_WHAT THE TASK REQUIRES_
Copy out exactly, from the entries that follow, the line holding "1st image of 1207 7th St", the line holding "Vor der Kulisse", and all lines between them, but no pictures.

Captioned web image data
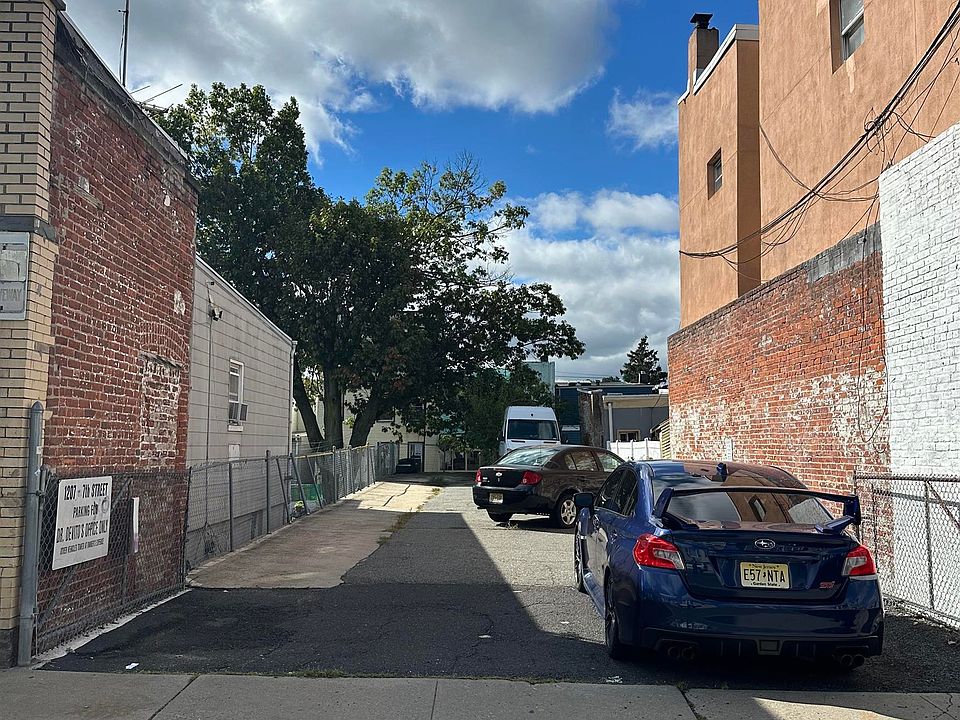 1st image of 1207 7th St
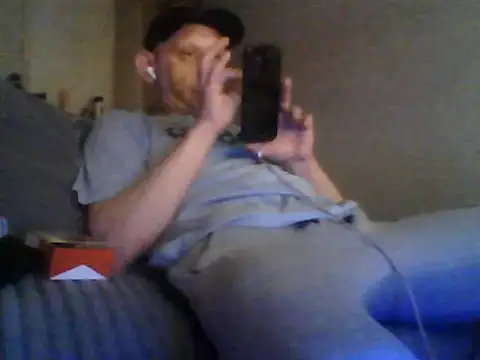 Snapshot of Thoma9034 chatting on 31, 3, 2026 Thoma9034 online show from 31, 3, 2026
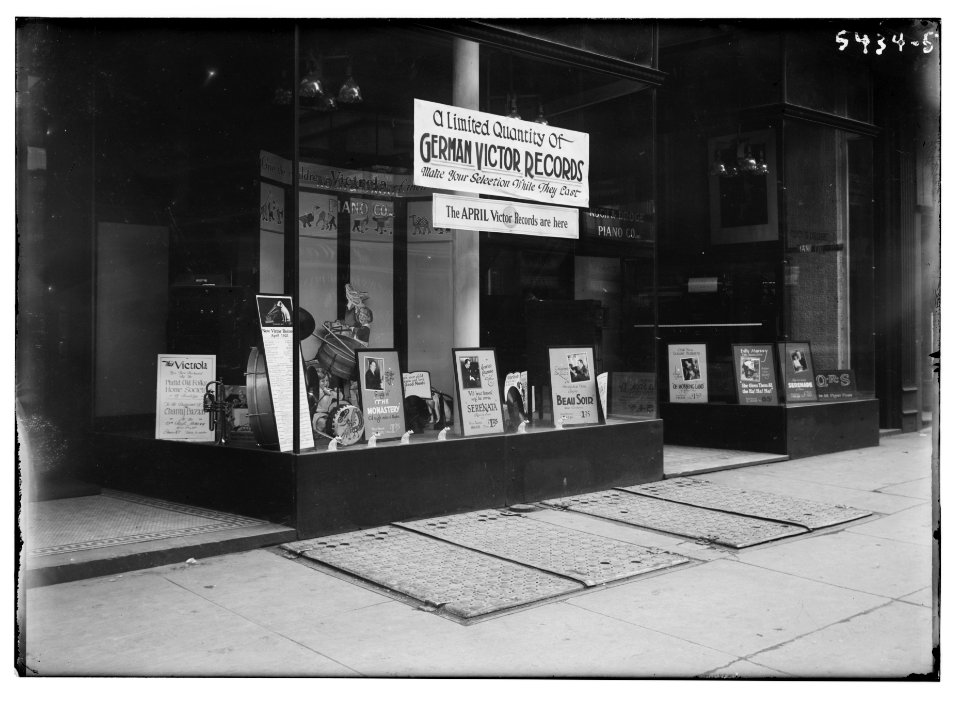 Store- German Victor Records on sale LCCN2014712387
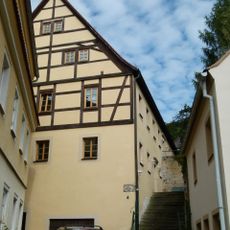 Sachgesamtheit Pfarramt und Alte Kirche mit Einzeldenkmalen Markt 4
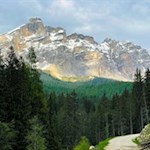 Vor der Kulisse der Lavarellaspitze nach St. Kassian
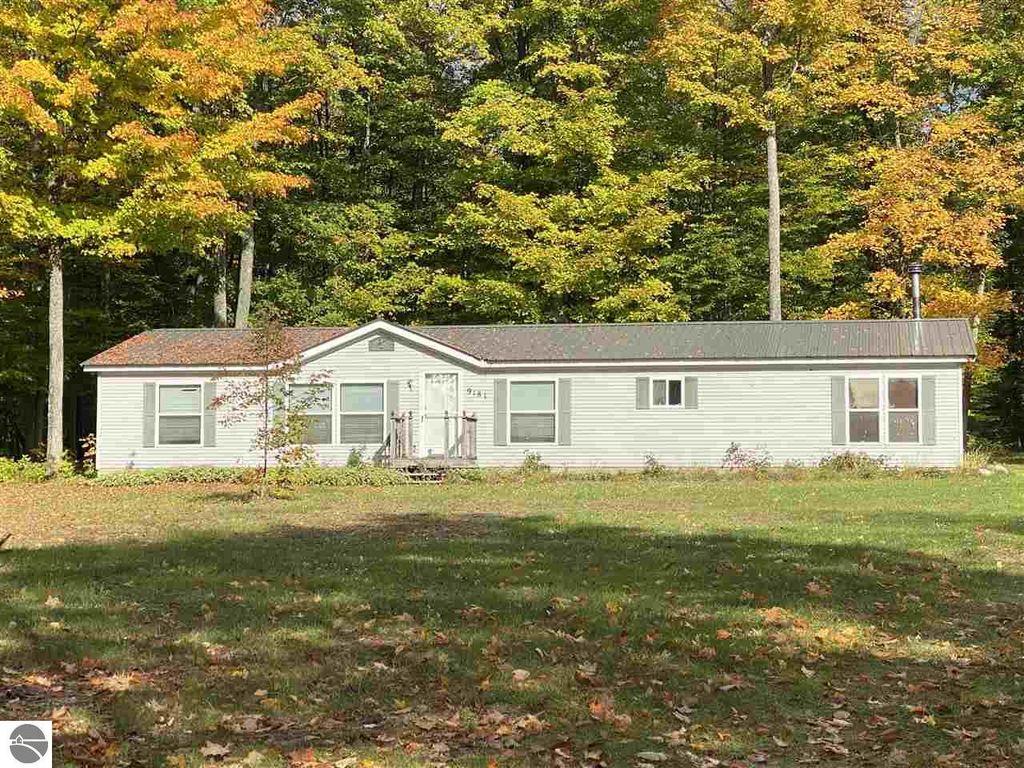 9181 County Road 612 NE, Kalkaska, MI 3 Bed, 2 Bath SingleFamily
---
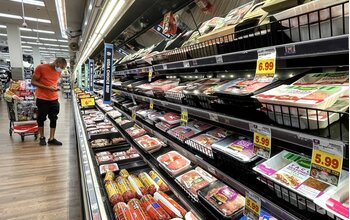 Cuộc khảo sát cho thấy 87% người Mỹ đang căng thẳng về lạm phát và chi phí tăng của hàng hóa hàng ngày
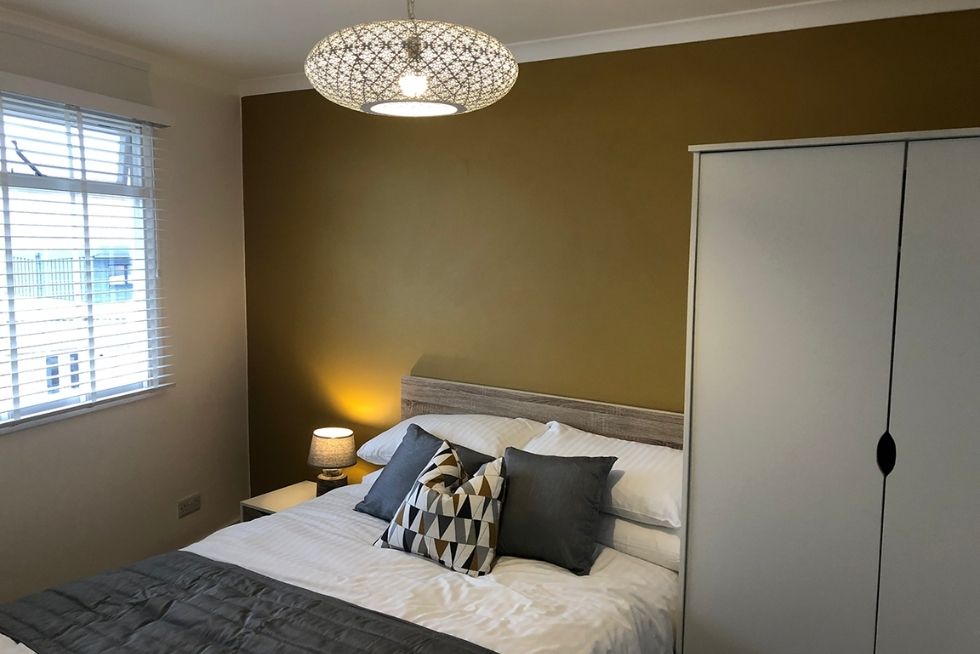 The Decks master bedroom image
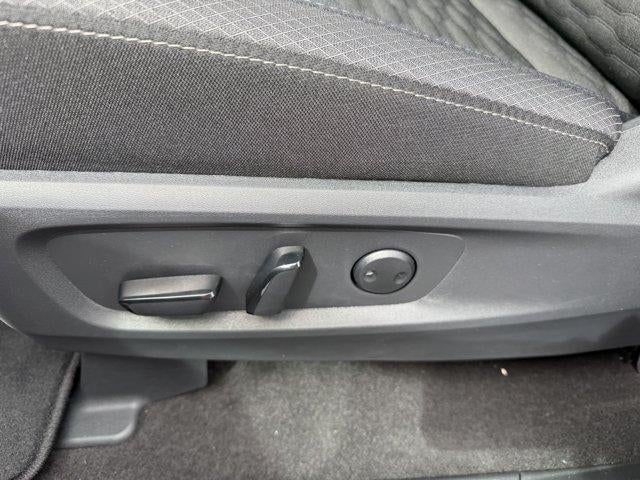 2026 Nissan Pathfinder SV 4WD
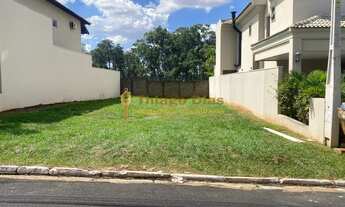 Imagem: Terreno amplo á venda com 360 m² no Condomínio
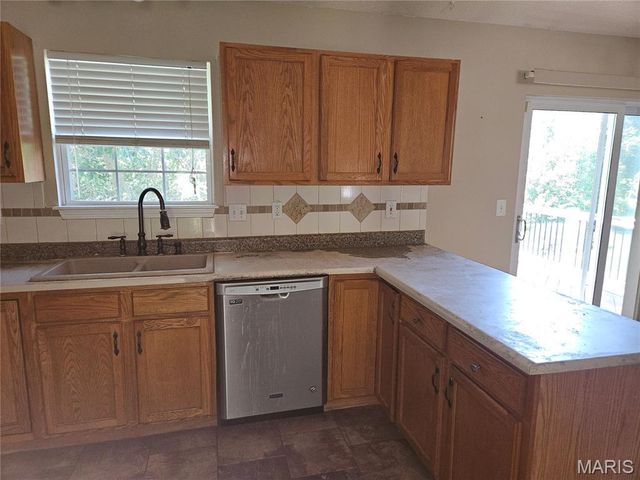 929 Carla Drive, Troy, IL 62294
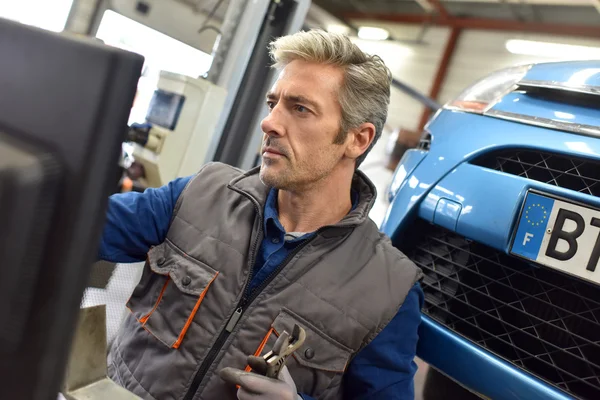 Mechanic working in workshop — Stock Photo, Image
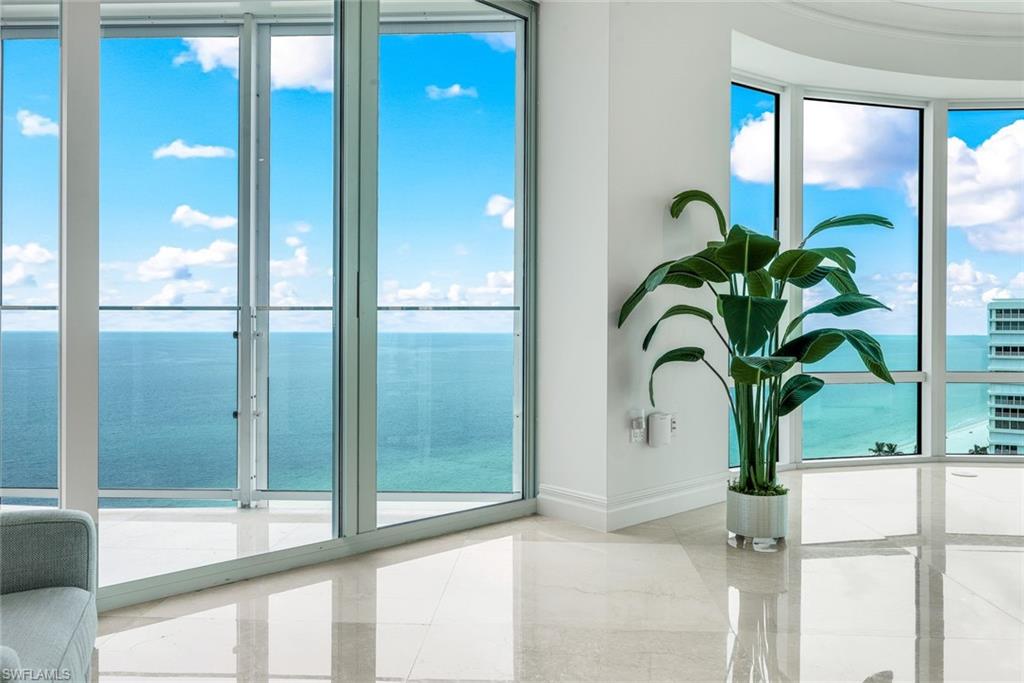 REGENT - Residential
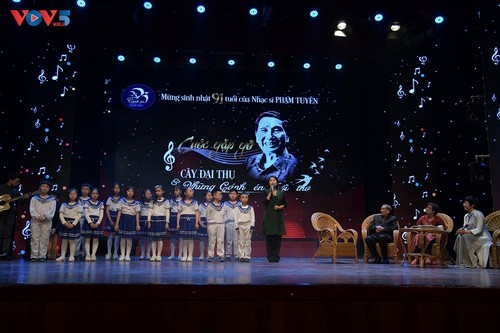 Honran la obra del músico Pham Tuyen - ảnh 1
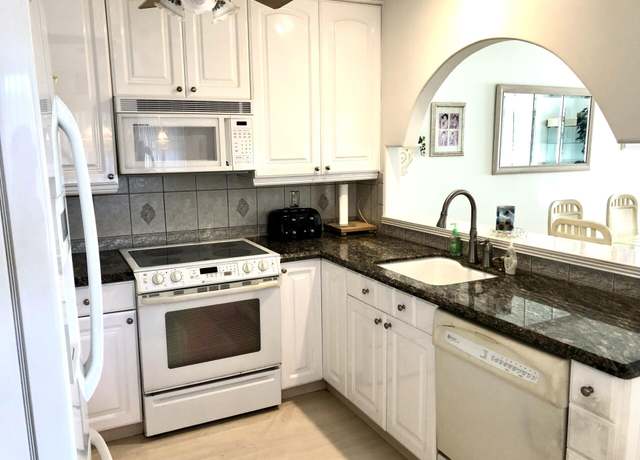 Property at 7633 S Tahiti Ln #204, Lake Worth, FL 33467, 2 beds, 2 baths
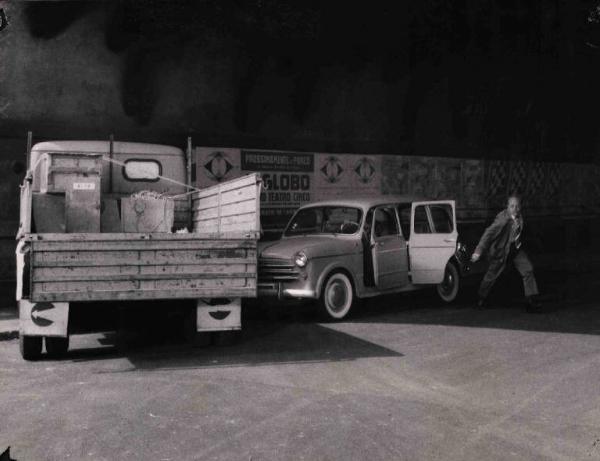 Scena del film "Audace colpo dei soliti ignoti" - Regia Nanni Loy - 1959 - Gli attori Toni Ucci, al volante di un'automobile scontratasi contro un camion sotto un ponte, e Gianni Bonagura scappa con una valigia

_EXERCISE SOLUTION_
 1st image of 1207 7th St
 Snapshot of Thoma9034 chatting on 31, 3, 2026 Thoma9034 online show from 31, 3, 2026
 Store- German Victor Records on sale LCCN2014712387
 Sachgesamtheit Pfarramt und Alte Kirche mit Einzeldenkmalen Markt 4
 Vor der Kulisse der Lavarellaspitze nach St. Kassian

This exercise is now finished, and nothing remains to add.